▶ Source data
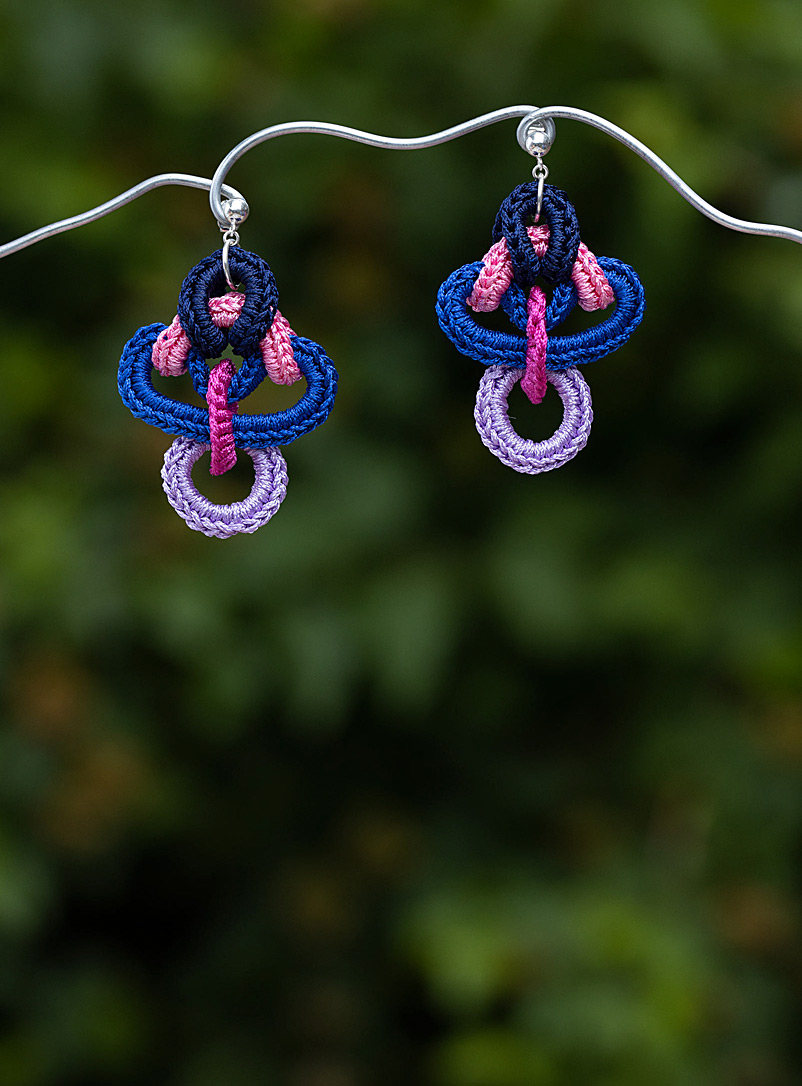 Atelier Chicoine Pink Femina crocheted earrings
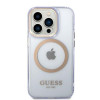 Guess GUHMP14XHTCMU Apple iPhone 14 Pro Max violets cietais futrālis, Gold Outline Translucent, MagSafe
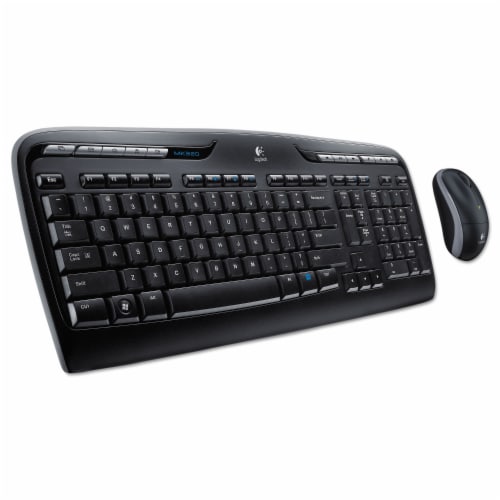 Logitech® Wireless Desktop Set Keyboard and Mouse - Black Perspective: front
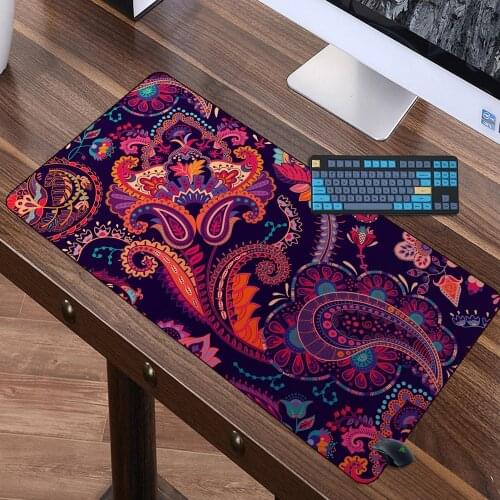Black Large Mouse Pad Rubber Keyboard Mouse Pad Non-slip Fashion Fabric Mouse Pad Art Table Mat Office Carpet Table Mat Xxl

▶ Activity
Starting at the line that holds "Logitech® Wireless Desktop", write out every remaining line of the material above exactly as it appears. Pictures should not be copied.

▶ Written reply
 Logitech® Wireless Desktop Set Keyboard and Mouse - Black Perspective: front
Black Large Mouse Pad Rubber Keyboard Mouse Pad Non-slip Fashion Fabric Mouse Pad Art Table Mat Office Carpet Table Mat Xxl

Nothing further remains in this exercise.